Temporally Factorized Network Modeling for Evolutionary Network Analysis

TLDR: This work shows that it is indeed possible to achieve the goal of representing the edge structure of the network purely as a function of time with the use of a matrix factorization, in which the entries are parameterized by time.

Abstract: The problem of evolutionary network analysis has gained increasing attention in recent years, because of an increasing number of networks, which are encountered in temporal settings. For example, social networks, communication networks, and information networks continuously evolve over time, and it is desirable to learn interesting trends about how the network structure evolves over time, and in terms of other interesting trends. One challenging aspect of networks is that they are inherently resistant to parametric modeling, which allows us to truly express the edges in the network as functions of time.

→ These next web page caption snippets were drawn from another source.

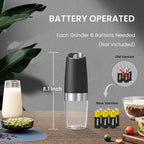 Battery Operated Salt And Pepper Grinder Set - Image 4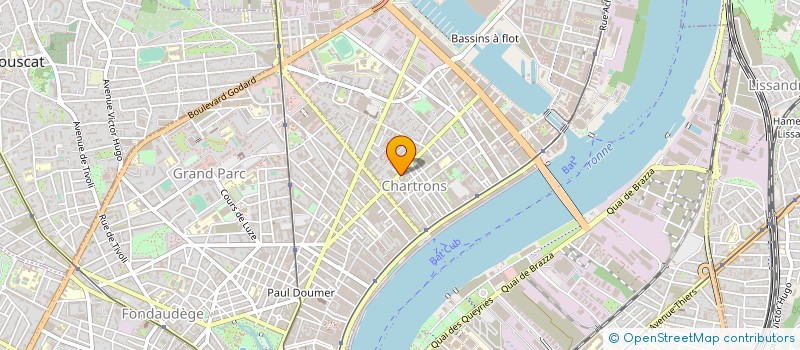 localisation de l'entreprise BERNETIERE à BORDEAUX
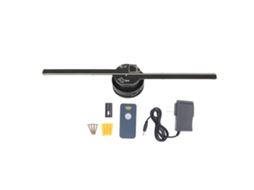 Fan Holograma 3d 42cm 800x480p 224 Leds Wifi App Controle Remoto 100-240v Plug Us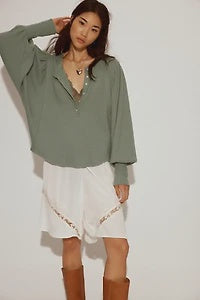 Free People Quinn Knit Top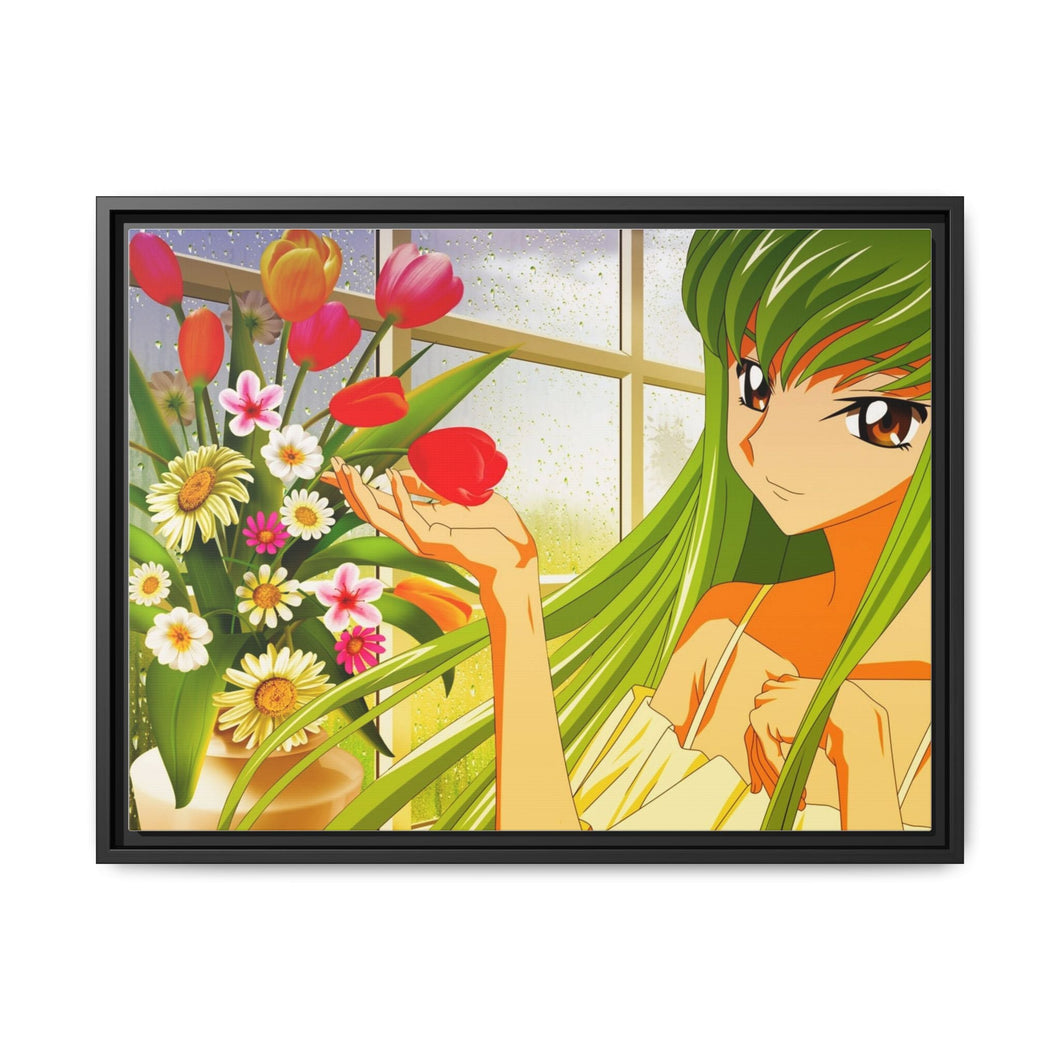Anime Code Geassr Canvas Framed Art Print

This is because, unlike multidimensional data, the edges in the network reflect interactions among nodes, and it is difficult to independently model the edge as a function of time, without taking into account its correlations and interactions with neighboring edges. Fortunately, we show that it is indeed possible to achieve this goal with the use of a matrix factorization, in which the entries are parameterized by time. This approach allows us to represent the edge structure of the network purely as a function of time, and predict the evolution of the network over time. This opens the possibility of using the approach for a wide variety of temporal network analysis problems, such as predicting future trends in structures, predicting links, and node-centric anomaly/event detection. This flexibility is because of the general way in which the approach allows us to express the structure of the network as a function of time. We present a number of experimental results on a number of temporal data sets showing the effectiveness of the approach.